A bedtime cartoon isn't only a MAJOR disconnect with what people expect here, it's kinda gay. Maybe it would be okay to change the title to "Home of Los Angeles Politics and Gay, Emasculating Crap"
Anonymous said:
Something FAR more important that you should be writing about here is today's Times' story about Lance Ito burying a murder confession when he was an assistant DA, letting the guy sit in prison for decades awaiting death.
ISN'T WRITING ABOUT SOMETHING LIKE THIS MORE IMPORTANT THAN BEDTIME CARTOONS?
Court voids inmate's death sentence
Judge Lance Ito was one of three prosecutors who failed to turn over confession in killing, state justices rule.
By Amanda Covarrubias, Los Angeles Times Staff Writer
May 6, 2008
In a unanimous decision, the California Supreme Court found Monday that a San Quentin inmate was wrongly sentenced to death in 1982 for murder because Los Angeles district attorneys -- including current Superior Court Judges Lance A. Ito and Frederick Horn -- withheld a confession to the killing by their star witness.
Adam Miranda was convicted in 1982 for the murder of Gary Black at a Los Angeles mini-mart. He also was charged with a second murder in the stabbing death of Robert Hosey, which made Miranda eligible for the death penalty.
The main witness on the Hosey charge against Miranda was Joe Saucedo, a convict.
But even as Saucedo was testifying against Miranda, the prosecutors had a letter in which Saucedo confessed that he had committed the crime, Miranda's lawyers told the Supreme Court in their petition.
Then-Deputy Dist. Atty. Ito, who is now a Los Angeles County Superior Court judge best known for presiding over O.J. Simpson's murder trial, placed this letter in Miranda's file without disclosing its contents to Miranda's lawyers, the court determined.

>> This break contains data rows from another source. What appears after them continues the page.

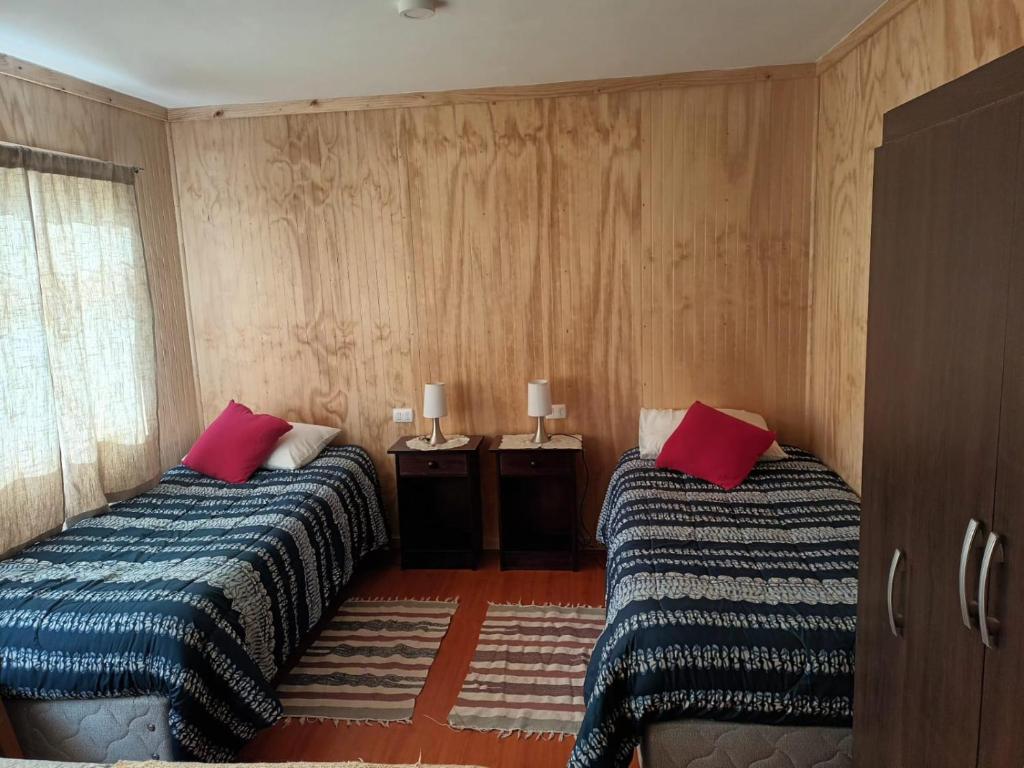 科伊艾科Ventisca Sur的一间卧室配有两张带红色枕头的床。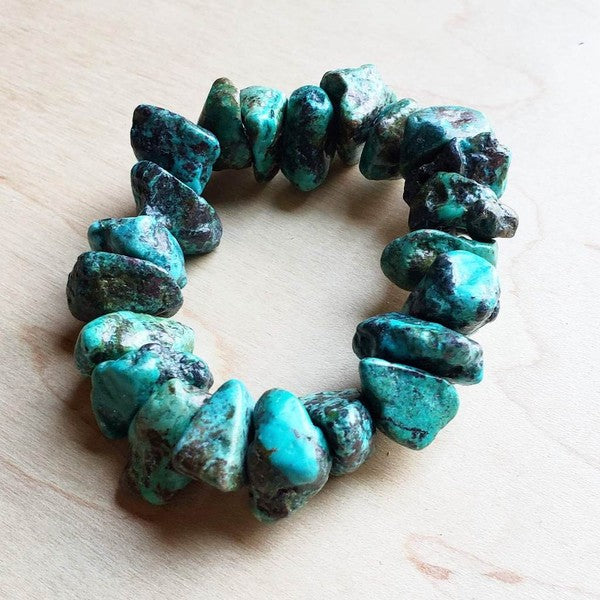 Chunky Natural Turquoise Bracelet

Bracelet Bar-
Create Your Own Stack
Mix and Match to create a look that's all your own!
Stretch beaded bracelet
made of chunks of genuine natural turquoise.
Size of beads will range in size from 1/2\" up to 3/4\"
Although your item will resemble the photo,
each piece is created by hand, so no two are identical.
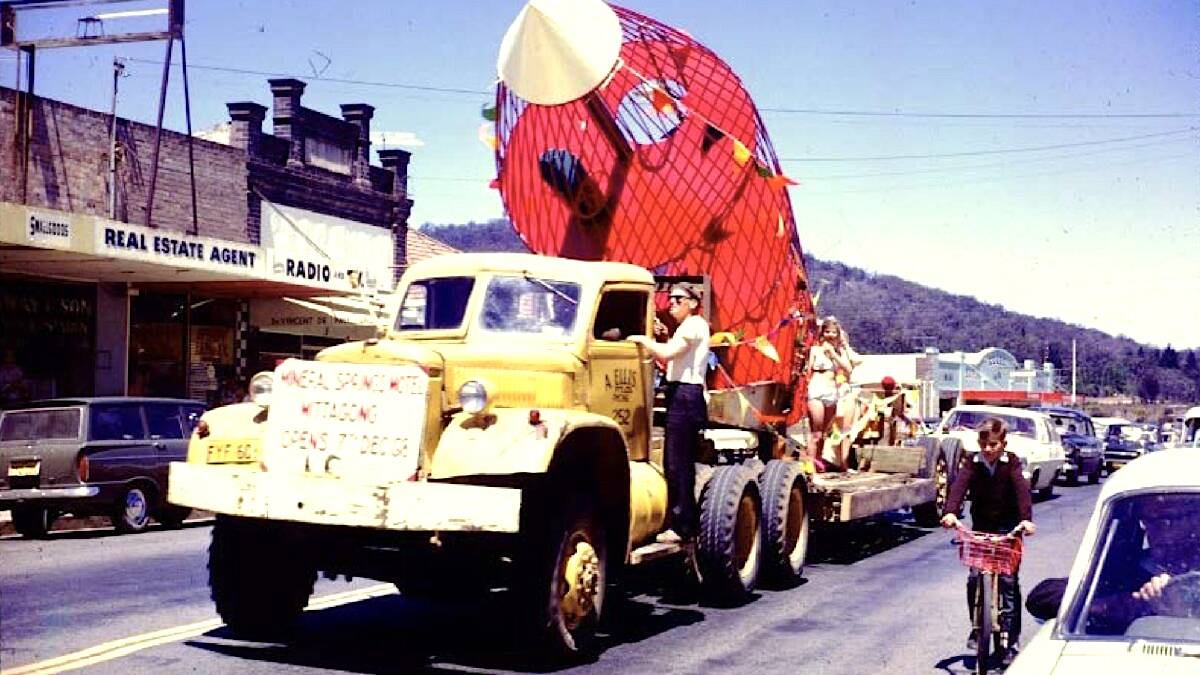 The Mittagong rocket, a favourite with many Canberrans parades through the Southern Highlands town before being erected at Winifred Park in November 1968. Picture: BDHS and S Hawkins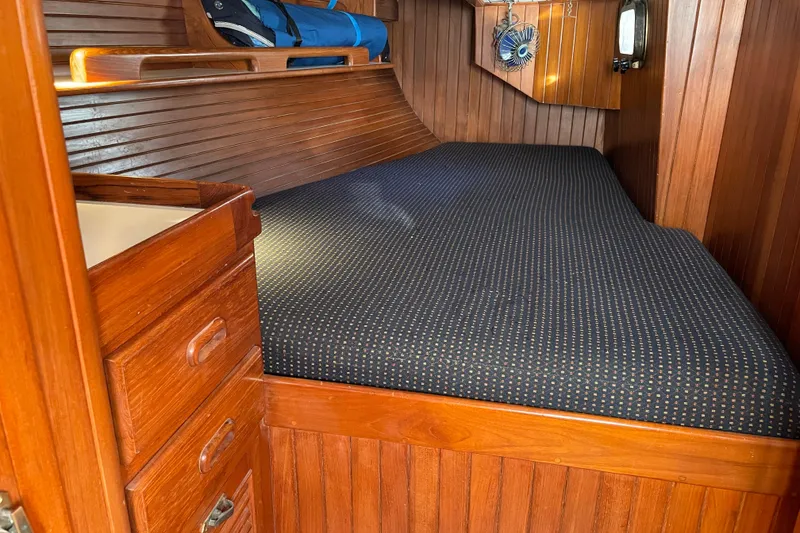 Slide: The Image of Cozy wooden cabin interior of 1985 Passport 40 sailboat with bed and storage. - 24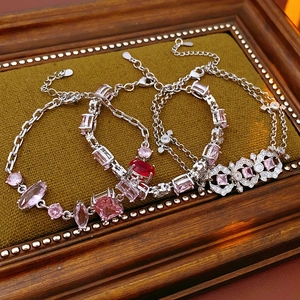 Detailed close-up of vintage silver bracelets with zircon gems on a green velvet base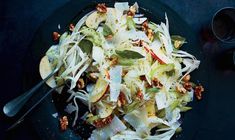 a salad with apples, cabbage and walnuts on a black plate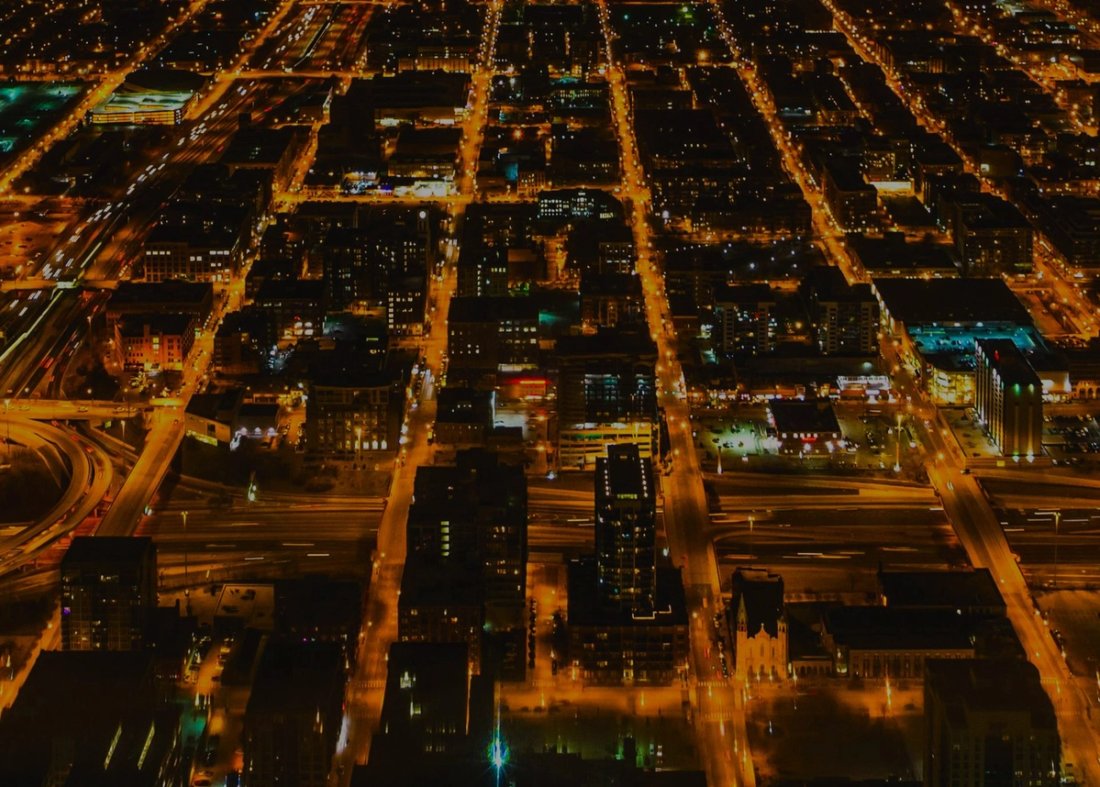 Aerial night view of a city grid, with streets and highways lit by orange streetlights.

Miranda's lawyers found four more witnesses who testified that Saucedo had confessed to them he was the murderer. The district attorney's office knew about the confessions while seeking the death penalty against Miranda, his attorneys said.
The California Supreme Court agreed and determined that the death penalty sentence was improper.
The letter in which Saucedo made his confession is referred to as the "Montez letter" because it was written by inmate Larry Montez.
The letter contradicted Saucedo's testimony at Miranda's trial that Miranda had stabbed Hosey while Saucedo tried to stop him.
" . . . We conclude that a reasonable probability -- that is, a probability sufficient to undermine confidence in the outcome of the proceeding -- exists that if the Montez letter had been disclosed prior to [Miranda's] trial, the outcome of the penalty phase would have been different," the court wrote in its decision.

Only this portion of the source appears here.